Art, War and Peace: Responses to the Invasion and Occupation of Iraq is organised by Dr Alan Ingram (UCL) and Yousif Naser (The Ark Artist Space). The event draws on research conducted by Alan Ingram at UCL Department of Geography, funded by the British Academy and is supported by UCL’s Public Engagement programme. The event also forms part of Reel Iraq 2013, a celebration of the arts and culture of Iraq.
Register for this event via the Mosaic Rooms.
Speakers and timetable
10.30 Tea and coffee
11.00 Introduction: Alan Ingram and Yousif Naser
11.30 Rashad Selim: Separation, Outflow and Attitudes of Return
Rashad Selim is an artist and printmaker, painter, sculptor, curator, illustrator, essayist, cultural researcher, grassroots development worker and project animator. Over the course of the last decade his work has often been concerned with the causes and effects of the war and with developing new resources and approaches to overcome limitations set in the present landscape. In this talk he will consider the continual outflow of art and artists from Iraq, the problems of confronting violence and abuse in art and challenges in re-engaging with what is happening in Iraq today.
12.15 Satta Hashem: In Conflict: Reflections on the Constant War in Iraq
Satta Hashem creates drawings, paintings and prints which comprise graphic, symbolic, figurative and abstract styles. Trained in the Soviet Union and Sweden, his work deals with his own experience in relation to Iraq’s history of political violence and the legacies of Mesopotamian cultures and aims to communicate the sympathy he feels for those that find themselves constantly in the middle of the conflict in Iraq. In this talk he will discuss the development of his practice in relation to his concerns with colour theory, symbolism and the relationship between art work and political violence.
14.00 Nadje Al-Ali: We Are Iraqis: Aesthetics and Politics in a Time of War
Nadje Al-Ali is Professor of Gender Studies at the School of Oriental and African Studies, London, where she conducts research on topics including women’s movements and feminism in the Middle East, transnationalism and diaspora, and violence and war and peace, with particular reference to Iraq. Her talk will focus particularly on a recent book co-edited with Deborah al-Najjar (We Are Iraqis: Aesthetics and Politics in a Time of War New York: Syracuse University Press 2013). The book showcases written and visual contributions by Iraqi artists, writers, poets, filmmakers, photographers, and activists, exploring the way Iraqis retain, subvert, and produce art and activism as ways of coping with despair and resisting chaos and destruction.

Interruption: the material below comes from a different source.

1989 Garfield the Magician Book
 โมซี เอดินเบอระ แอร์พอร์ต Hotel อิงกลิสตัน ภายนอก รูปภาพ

15:00 Hana Malallah: Professor of Art in Baghdad 2006, Refugee in London 2007
Hanaa Mallalah studied Fine Art in Baghdad with an emphasis on graphics and painting. In 2005 her thesis concerning the logic order in Mesopotamian drawing gained her a PhD in the Philosophy of Painting. She has taught and lectured widely at a several faculties of the University of Fine Arts in Baghdad. Having lived through thirty five years of war, she was forced to leave Iraq in 2006 as academics and artists fell increasingly under threat of sectarian violence. Since 2007 her work has addressed the destruction of Iraq under occupation and her own experience of violence and exile, particularly through the idea of ruin. In this talk she will discuss the evolution of her practice in relation to experiences of violence, loss and survival.
15.45 Tea and coffee
16:00 Film: SADA Summer Intensive 2012
Sada (sadairaq.org), is a non-profit project supporting new and emerging arts practices through education initiatives in Iraq and public programs internationally. This short film is a record of the 2012 SADA Summer Intensive programme, which brought together artists and participants working in Baghdad with teaching artists and professors for a week of workshops in Northern Iraq. In documenting the Intensive, the film sheds light on the situation faced by young artists living and working in Baghdad today.